__Dataset content__:

——————

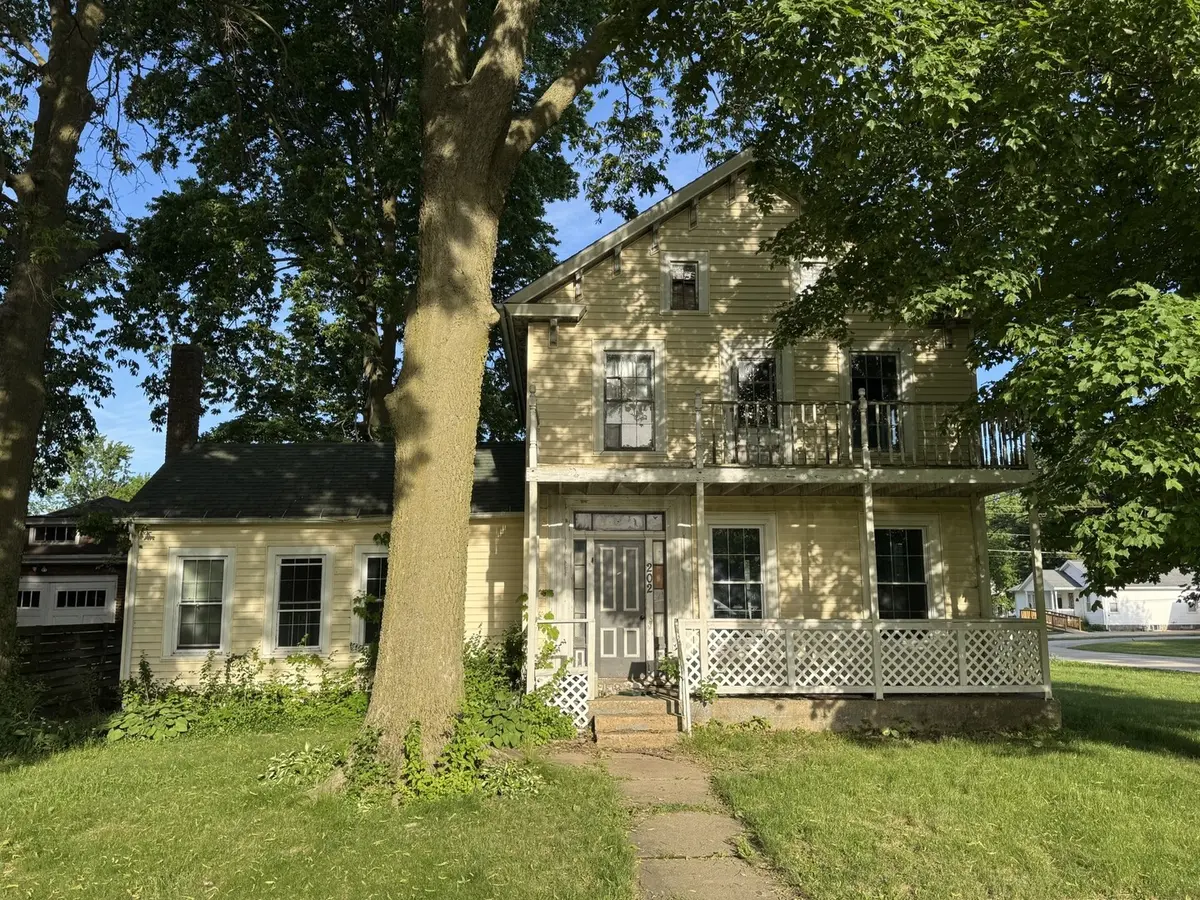 202 S State Street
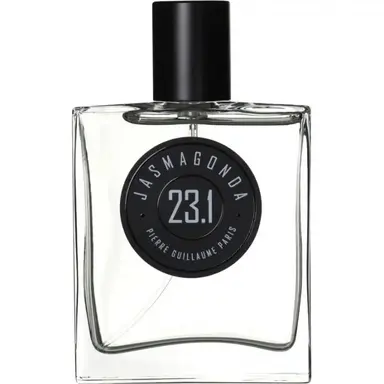 Jasmagonda 23.1 by Pierre Guillaume bottle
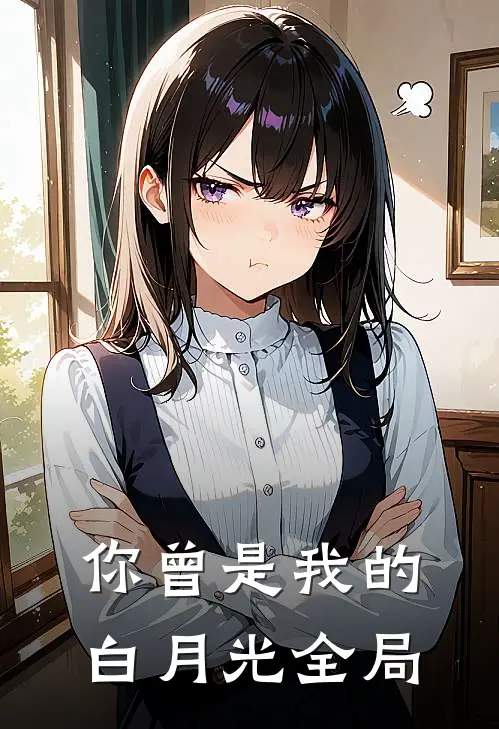 你曾是我的白月光全局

——————

__What you will do__: Would you set down every line of the data above exactly, skipping the pictures?

__Response__:
 202 S State Street
 Jasmagonda 23.1 by Pierre Guillaume bottle
 你曾是我的白月光全局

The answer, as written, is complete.